(Data excerpts)
>>>
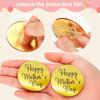 10 Pieces Happy Mother's Day Acrylic Cupcake Toppers Round Mirror Engraved Cake Topper Cupcake Decorations for Birthday Party (Gold) view 2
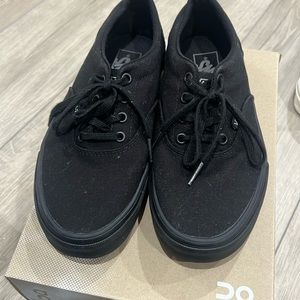 Excellent condition black van sneakers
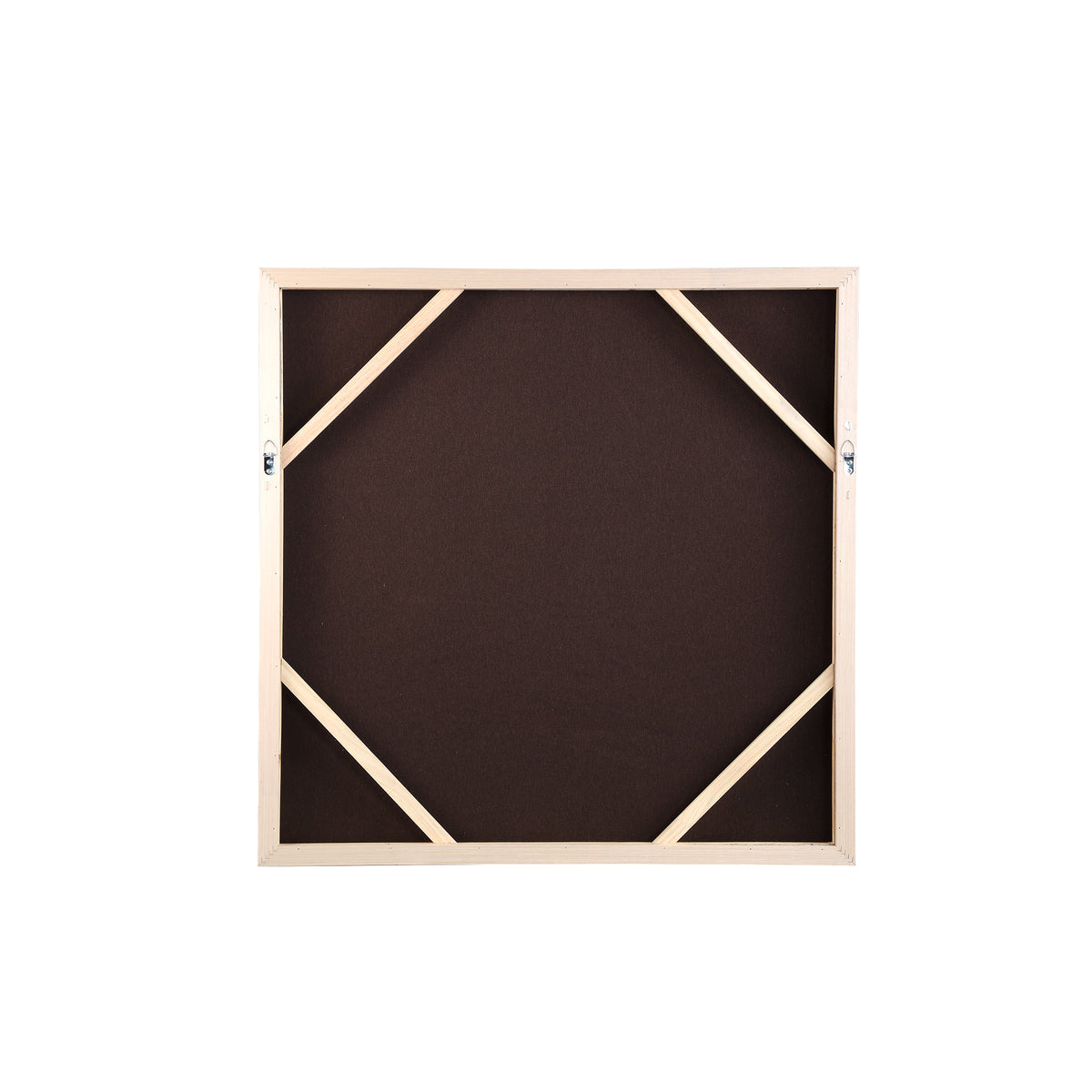 Kirti beige framed textile wall panel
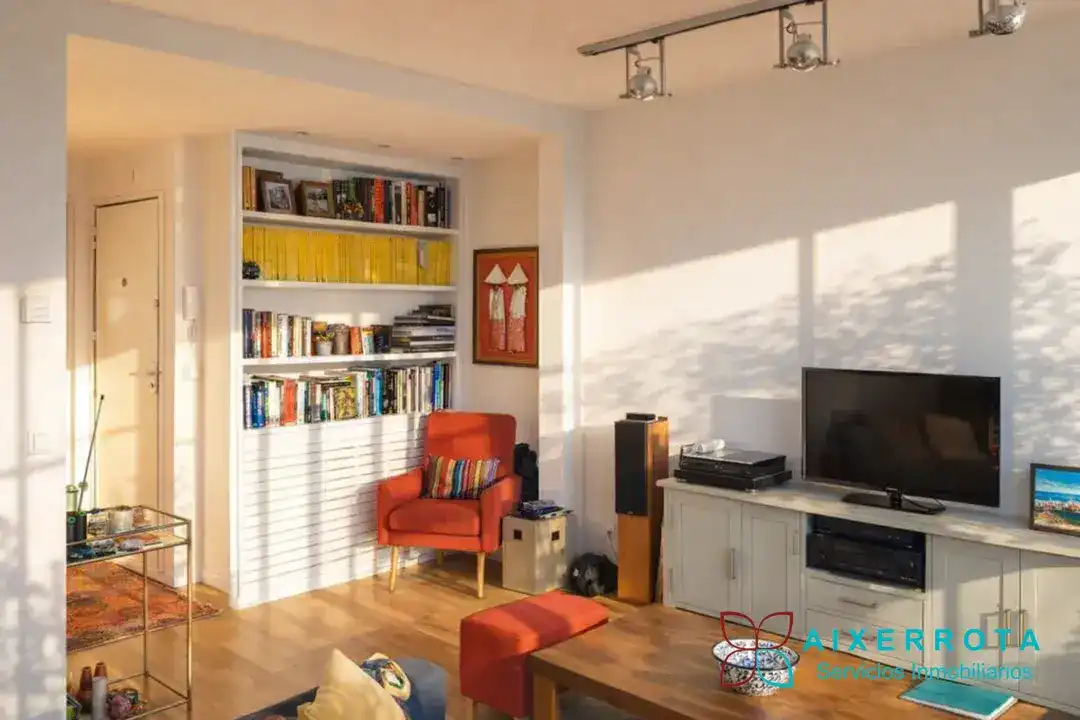 Wohnzimmer von Wohnung zum Verkauf in Leioa mit Heizung, Privatgarten und Terrasse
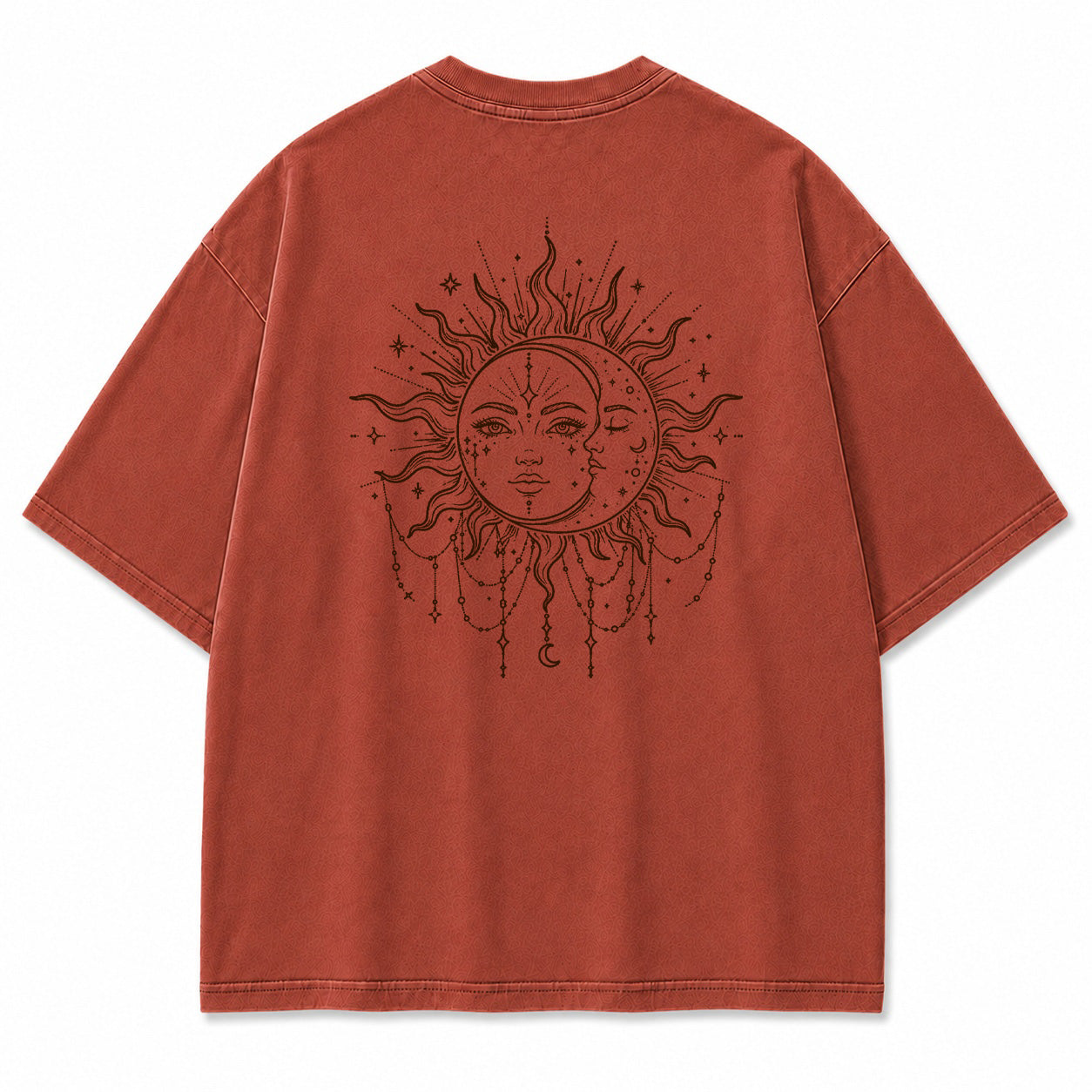 Sun Moon Celestial Spirit Graphic T-Shirt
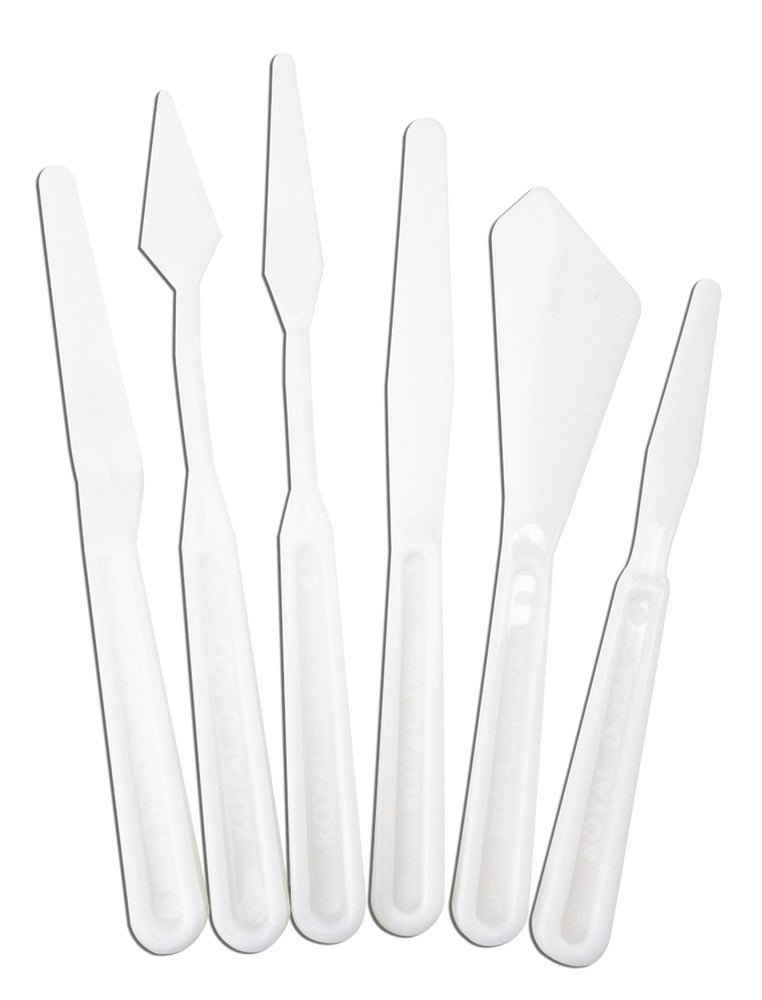Plastic Palette Knife Set (6pcs)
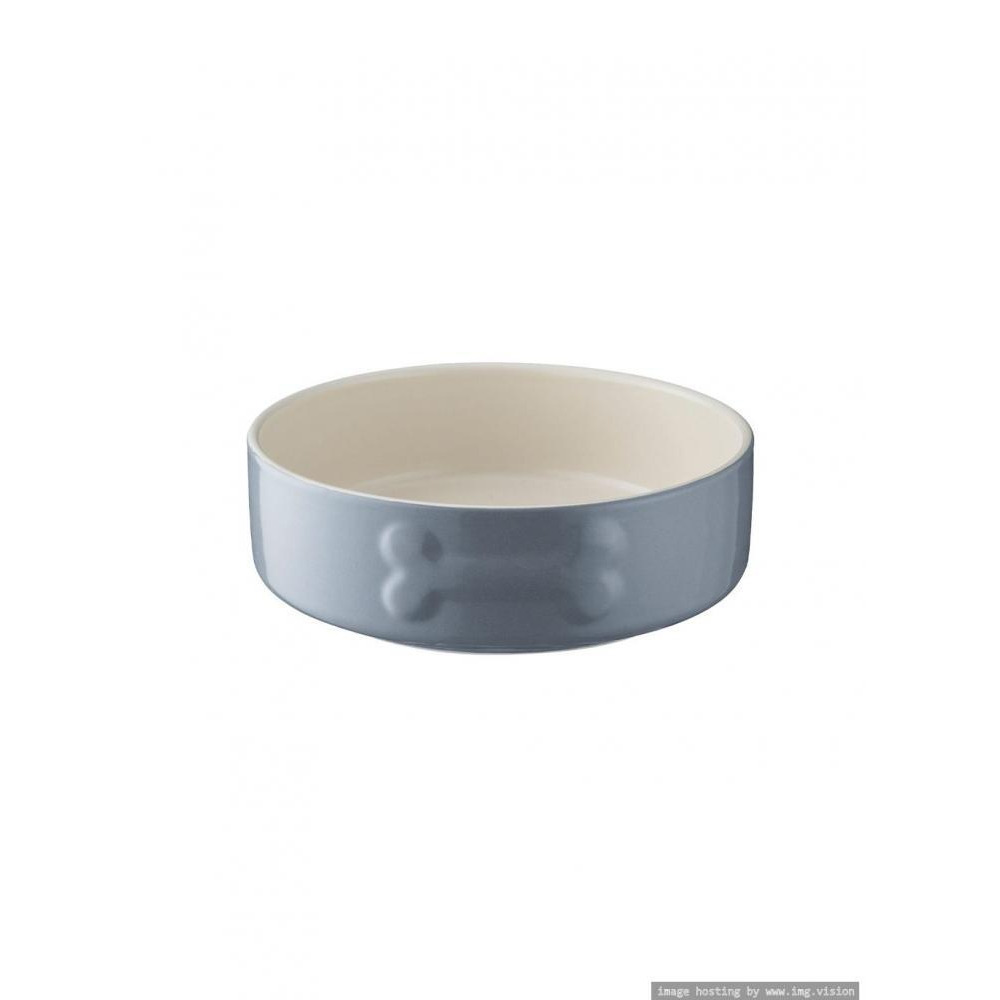 Mason Cash color Mix 15cm Grey Dog Bowl - 1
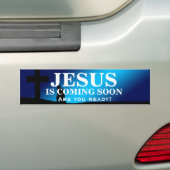 Autocollant De Voiture JÉSUS APPARAÎT BIENTÔT Bumper Sticker (En voiture)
<<<
Description of the task >> Produce a verbatim copy of every entry, excluding pictures.

Answer to the problem >>
 10 Pieces Happy Mother's Day Acrylic Cupcake Toppers Round Mirror Engraved Cake Topper Cupcake Decorations for Birthday Party (Gold) view 2
 Excellent condition black van sneakers
 Kirti beige framed textile wall panel
 Wohnzimmer von Wohnung zum Verkauf in Leioa mit Heizung, Privatgarten und Terrasse
 Sun Moon Celestial Spirit Graphic T-Shirt
Plastic Palette Knife Set (6pcs)
 Mason Cash color Mix 15cm Grey Dog Bowl - 1
 Autocollant De Voiture JÉSUS APPARAÎT BIENTÔT Bumper Sticker (En voiture)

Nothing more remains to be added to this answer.